III-V/Si

The use of III–V semiconductors, thanks to their physical properties, is particularly well-suited for the development of optical emitters and sensors operating in the infrared domain. We focus in particular on (Al, In, Ga)(As, P, Sb) alloys. To build a photonic integrated circuit (PIC), it is necessary to integrate different functions on a Si CMOS platform, including both the light source and the photodetector. Two approaches are possible: bonding or direct growth of III–V materials on silicon. Bonding is currently the most common technique and is used in foundries to integrate on-chip lasers (Intel or Luxtera). The GaAs or InP substrate serves only as a support and is then removed, which is problematic given the criticality of Ga and In elements. Monolithic integration, also called direct growth on silicon, is a technique under active development. Direct heteroepitaxy of III–V materials on silicon generates structural defects that degrade device performance. We have shown that it is possible to mitigate defects associated with thermal expansion coefficient and polarity mismatches. Nevertheless, the lattice parameter mismatch between Si and GaAs and its alloys inevitably leads to the formation of dislocations that propagate into the layers and active regions.
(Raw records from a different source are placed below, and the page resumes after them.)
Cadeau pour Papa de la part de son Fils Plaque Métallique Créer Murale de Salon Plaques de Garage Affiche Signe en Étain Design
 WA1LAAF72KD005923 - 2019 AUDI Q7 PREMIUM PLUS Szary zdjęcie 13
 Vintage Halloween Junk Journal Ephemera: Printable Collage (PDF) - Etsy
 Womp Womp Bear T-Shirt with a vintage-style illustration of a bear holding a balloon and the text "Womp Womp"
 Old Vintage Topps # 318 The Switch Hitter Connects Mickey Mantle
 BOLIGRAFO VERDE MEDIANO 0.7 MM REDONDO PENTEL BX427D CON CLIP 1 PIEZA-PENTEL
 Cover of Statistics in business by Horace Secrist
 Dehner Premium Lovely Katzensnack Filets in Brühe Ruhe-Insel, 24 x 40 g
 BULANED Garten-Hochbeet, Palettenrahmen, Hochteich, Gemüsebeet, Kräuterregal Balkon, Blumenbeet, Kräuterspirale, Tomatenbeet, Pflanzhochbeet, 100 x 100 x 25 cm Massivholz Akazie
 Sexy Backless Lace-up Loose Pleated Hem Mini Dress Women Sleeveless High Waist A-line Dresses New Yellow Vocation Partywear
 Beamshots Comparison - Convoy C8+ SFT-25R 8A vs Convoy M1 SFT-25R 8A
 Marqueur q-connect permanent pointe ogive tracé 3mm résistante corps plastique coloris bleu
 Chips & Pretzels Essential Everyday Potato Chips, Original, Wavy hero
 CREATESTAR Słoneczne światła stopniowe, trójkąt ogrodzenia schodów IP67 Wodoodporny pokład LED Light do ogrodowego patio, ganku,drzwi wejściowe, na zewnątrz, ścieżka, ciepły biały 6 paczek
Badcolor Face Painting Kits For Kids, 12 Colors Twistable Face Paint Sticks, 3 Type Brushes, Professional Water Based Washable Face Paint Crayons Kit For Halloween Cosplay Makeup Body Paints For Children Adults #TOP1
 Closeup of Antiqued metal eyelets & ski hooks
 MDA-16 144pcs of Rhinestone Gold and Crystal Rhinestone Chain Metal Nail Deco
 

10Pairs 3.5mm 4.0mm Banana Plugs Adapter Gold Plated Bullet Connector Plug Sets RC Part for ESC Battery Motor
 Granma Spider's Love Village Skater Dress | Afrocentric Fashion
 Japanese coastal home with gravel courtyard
We are also working on a breakthrough technology to integrate high-frequency III–V transistors within a 200/300 mm silicon manufacturing environment, addressing the requirements of future 6G wireless systems. This involves developing, ex nihilo, a process flow compatible with silicon’s industrial constraints, enabling the cohabitation of III–V and Si worlds on the same substrate. LTM is at the heart of this innovation, with the development of double heterojunction bipolar transistors (DHBTs) based on InP/GaAsSb junctions—an original and promising alternative to conventional architectures—which will ultimately be implemented on 200 mm InPoSi (InP-on-Si) substrates.